IN THE global cauldron of all-grains supply-and-demand statistics, London-based International Grains Council (IGC) says the bullish outweighs the bearish in its comprehensive analysis of the world’s grains sector issued last Friday.
IGC reported trade in the current 2017/18 year for wheat and coarse grains would total a record 361 million tonnes (Mt), up 2.4 per cent from 2016/17, bolstered by the ninth consecutive annual gain in corn shipments. See chart 1.
While harvests in 2017/18 were slightly smaller than the 2016/17 record, heavy opening stock had propelled overall availability to a new high.
For the first time since 2012/13, grain stocks are predicted to decline, led by stock drawdowns for corn, mainly in China, and barley in countries including Australia, EU, Canada and United States.
The monthly IGC index of prices rose substantially in February 2018, up 5pc across all grains and oilseeds, comprising the sub-indices for barley, up 8pc, soybeans and corn, up 7pc, and wheat, which rose 3pc.
The barley price index rose 28pc in the year to February, four times that of wheat and 16 times that of corn.
Indian wheat demand
IGC has forecast the volume of wheat traded globally in 2017/18 could be a record, and may include greater purchases by India and Iran.
It has also predicted that global wheat stocks could decline for the first time in six seasons.

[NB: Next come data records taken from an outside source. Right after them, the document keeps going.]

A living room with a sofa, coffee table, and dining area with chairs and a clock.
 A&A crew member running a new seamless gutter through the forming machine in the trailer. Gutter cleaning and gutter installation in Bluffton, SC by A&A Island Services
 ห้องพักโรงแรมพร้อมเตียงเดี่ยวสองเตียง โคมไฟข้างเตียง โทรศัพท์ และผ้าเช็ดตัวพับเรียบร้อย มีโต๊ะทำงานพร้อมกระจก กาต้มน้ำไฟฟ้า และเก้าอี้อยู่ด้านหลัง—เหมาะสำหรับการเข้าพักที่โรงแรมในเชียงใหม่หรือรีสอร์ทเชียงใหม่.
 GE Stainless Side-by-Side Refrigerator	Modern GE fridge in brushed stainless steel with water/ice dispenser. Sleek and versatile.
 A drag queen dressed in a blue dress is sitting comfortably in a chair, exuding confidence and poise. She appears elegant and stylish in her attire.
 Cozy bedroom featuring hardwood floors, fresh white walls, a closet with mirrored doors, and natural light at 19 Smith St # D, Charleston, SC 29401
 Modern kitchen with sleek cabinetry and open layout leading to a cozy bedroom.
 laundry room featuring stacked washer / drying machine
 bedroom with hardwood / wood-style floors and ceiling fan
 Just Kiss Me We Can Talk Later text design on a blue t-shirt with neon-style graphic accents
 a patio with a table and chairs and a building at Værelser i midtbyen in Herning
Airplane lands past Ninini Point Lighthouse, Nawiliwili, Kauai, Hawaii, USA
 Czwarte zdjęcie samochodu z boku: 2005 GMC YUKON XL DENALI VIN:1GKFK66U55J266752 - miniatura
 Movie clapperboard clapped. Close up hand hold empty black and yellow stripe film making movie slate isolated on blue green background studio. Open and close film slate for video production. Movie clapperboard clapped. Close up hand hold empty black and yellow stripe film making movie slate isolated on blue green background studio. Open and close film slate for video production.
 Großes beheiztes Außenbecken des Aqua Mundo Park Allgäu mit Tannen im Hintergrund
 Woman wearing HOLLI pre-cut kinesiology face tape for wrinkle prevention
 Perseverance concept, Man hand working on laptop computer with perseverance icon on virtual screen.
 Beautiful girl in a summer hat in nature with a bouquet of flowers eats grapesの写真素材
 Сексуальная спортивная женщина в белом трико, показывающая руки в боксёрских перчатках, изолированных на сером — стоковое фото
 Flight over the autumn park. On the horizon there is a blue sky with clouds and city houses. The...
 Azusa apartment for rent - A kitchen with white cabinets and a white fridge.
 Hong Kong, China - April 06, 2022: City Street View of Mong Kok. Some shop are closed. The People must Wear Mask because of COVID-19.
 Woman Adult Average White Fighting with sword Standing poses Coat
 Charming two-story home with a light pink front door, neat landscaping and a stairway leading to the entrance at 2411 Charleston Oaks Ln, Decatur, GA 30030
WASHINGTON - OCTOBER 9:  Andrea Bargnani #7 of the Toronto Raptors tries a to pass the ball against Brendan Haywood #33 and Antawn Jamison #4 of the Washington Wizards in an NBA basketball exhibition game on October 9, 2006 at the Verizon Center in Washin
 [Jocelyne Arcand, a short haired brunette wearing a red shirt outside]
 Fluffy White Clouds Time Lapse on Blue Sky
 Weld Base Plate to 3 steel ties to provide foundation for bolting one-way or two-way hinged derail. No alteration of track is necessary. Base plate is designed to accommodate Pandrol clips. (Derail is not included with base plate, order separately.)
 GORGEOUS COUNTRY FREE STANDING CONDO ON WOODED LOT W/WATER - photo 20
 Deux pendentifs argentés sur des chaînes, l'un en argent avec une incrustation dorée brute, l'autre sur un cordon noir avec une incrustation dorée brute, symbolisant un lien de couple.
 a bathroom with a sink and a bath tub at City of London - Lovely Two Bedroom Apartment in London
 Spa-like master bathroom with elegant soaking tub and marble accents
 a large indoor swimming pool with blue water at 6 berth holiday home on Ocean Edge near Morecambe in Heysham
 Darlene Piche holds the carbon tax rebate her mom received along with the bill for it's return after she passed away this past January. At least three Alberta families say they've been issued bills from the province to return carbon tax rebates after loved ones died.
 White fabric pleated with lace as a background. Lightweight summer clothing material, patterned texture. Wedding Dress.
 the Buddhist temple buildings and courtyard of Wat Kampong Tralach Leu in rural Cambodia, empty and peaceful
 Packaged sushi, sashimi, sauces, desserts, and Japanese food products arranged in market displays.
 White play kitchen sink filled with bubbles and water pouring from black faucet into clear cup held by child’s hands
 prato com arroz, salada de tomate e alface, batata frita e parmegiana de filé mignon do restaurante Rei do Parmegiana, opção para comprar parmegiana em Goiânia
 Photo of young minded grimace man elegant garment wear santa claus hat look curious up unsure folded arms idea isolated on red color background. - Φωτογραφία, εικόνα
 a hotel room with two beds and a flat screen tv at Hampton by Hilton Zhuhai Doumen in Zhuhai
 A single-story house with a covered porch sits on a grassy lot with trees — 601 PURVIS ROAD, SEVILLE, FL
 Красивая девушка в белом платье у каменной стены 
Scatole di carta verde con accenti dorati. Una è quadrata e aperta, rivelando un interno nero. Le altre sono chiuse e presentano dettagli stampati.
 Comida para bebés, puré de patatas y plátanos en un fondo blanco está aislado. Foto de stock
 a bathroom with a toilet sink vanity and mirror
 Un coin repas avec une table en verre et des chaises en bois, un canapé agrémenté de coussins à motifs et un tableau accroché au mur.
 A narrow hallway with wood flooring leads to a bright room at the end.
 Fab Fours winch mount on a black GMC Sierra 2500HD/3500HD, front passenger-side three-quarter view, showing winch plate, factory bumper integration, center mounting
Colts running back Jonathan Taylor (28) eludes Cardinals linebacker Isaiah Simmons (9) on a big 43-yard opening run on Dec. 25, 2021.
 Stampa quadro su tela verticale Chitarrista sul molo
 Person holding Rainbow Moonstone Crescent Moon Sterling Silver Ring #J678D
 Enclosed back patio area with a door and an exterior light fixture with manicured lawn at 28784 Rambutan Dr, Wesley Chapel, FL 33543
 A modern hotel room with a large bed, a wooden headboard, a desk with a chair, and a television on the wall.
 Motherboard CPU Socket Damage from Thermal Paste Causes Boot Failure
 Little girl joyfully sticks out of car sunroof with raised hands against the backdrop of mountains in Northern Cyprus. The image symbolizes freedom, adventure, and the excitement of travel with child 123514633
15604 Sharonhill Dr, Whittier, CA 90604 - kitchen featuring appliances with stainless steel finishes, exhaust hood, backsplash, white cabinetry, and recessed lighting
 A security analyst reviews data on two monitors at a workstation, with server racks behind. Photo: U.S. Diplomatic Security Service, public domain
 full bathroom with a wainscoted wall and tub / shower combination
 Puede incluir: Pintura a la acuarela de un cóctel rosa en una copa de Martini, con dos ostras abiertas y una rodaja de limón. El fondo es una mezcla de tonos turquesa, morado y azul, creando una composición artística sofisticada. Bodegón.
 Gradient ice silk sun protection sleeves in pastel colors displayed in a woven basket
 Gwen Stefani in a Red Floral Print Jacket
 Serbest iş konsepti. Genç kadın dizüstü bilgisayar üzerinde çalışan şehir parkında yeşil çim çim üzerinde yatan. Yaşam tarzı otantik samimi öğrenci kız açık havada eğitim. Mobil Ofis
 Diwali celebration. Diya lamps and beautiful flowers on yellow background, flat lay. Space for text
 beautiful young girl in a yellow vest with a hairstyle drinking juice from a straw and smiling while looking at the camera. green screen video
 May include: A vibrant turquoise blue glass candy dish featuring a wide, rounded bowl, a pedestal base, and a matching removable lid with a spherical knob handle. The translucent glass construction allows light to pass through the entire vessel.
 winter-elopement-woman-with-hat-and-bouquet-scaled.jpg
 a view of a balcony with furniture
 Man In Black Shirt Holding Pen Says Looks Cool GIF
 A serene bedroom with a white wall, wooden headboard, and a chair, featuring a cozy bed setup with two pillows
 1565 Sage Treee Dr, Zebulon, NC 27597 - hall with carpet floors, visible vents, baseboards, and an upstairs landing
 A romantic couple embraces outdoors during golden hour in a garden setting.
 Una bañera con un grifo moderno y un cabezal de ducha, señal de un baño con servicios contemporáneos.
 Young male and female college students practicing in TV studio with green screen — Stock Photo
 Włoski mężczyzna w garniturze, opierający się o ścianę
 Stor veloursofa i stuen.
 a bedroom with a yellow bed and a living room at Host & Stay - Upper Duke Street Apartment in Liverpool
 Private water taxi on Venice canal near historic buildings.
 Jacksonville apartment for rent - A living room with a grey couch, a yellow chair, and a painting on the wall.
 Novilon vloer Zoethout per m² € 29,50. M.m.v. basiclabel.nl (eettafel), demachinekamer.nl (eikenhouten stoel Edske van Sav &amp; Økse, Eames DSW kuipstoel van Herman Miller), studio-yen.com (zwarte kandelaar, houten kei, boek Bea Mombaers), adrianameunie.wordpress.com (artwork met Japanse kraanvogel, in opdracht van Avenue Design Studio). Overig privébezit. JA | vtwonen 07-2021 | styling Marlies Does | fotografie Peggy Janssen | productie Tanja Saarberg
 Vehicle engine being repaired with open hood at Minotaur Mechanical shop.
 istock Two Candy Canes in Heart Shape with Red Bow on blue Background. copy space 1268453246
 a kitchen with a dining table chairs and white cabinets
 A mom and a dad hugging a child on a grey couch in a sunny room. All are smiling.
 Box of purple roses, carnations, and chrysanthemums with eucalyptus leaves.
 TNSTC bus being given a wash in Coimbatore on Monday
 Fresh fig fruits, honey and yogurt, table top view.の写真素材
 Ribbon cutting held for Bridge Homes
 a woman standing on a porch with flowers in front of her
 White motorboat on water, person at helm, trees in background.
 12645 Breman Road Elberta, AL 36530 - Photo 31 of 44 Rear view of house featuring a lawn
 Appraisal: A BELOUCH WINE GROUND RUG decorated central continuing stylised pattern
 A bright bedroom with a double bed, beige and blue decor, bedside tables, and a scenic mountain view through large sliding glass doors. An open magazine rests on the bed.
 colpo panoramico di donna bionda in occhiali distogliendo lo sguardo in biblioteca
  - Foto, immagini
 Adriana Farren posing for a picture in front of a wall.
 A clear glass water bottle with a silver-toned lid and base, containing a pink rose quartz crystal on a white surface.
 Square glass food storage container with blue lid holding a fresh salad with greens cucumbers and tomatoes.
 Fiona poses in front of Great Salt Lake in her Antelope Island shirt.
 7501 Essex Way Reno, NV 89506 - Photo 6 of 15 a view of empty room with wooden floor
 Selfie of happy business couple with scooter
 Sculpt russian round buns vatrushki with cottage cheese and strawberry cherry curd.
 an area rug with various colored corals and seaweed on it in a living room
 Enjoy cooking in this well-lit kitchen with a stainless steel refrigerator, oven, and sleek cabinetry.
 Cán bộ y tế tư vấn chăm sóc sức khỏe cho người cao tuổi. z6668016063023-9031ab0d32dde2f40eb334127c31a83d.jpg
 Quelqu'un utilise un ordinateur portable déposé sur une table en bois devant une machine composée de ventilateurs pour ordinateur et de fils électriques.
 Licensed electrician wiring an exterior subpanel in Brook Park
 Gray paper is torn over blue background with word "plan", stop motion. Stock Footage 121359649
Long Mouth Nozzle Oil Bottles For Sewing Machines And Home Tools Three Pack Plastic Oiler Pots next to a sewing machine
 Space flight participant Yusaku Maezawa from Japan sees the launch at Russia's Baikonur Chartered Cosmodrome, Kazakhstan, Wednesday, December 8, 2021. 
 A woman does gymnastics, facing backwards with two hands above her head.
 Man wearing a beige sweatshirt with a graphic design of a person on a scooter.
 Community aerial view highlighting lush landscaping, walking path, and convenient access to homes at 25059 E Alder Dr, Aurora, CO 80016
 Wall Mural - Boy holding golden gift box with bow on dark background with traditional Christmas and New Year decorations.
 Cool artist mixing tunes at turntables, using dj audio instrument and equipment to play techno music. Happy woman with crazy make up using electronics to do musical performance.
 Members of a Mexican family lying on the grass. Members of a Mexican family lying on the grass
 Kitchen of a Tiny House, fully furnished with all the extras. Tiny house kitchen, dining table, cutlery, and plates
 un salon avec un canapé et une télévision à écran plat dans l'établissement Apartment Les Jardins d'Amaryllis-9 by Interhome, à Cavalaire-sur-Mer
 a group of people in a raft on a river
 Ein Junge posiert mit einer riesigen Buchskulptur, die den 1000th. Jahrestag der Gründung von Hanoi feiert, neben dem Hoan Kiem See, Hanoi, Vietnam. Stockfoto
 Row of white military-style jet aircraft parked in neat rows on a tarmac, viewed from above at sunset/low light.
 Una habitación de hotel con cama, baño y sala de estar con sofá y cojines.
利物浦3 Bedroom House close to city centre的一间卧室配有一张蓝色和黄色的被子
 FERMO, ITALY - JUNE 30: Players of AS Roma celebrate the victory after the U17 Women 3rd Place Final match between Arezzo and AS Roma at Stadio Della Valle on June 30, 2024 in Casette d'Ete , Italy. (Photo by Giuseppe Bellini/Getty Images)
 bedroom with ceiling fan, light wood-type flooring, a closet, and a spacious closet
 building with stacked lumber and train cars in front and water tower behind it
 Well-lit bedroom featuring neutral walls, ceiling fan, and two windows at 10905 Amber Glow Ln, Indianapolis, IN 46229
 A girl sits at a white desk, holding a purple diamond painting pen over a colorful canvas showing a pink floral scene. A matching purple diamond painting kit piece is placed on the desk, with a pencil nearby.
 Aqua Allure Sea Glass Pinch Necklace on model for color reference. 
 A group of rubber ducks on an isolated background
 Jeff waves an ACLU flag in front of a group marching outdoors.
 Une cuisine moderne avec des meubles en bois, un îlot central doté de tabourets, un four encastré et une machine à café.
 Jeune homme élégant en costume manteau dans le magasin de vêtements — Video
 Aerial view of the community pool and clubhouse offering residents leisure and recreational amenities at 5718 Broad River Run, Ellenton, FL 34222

India, typically self-sufficient in wheat, has not imported volume until 2016/17, when it purchased 6Mt.
IGC projected India could import 3Mt in 2017/18.
In the three years to June 2015 India had a surplus of wheat, enabling it to export total 15Mt wheat.
Rice price up
While a decline in rice production from the 2017/18 record might seem unimportant to some, as a cereal competitor for arable land, rice’s 13pc price index rise in the year to February 2018 could promote higher area plantings next year.
World rice production is about 450-500Mt, of which India grows more than 100Mt and exports more than 10Mt in most years.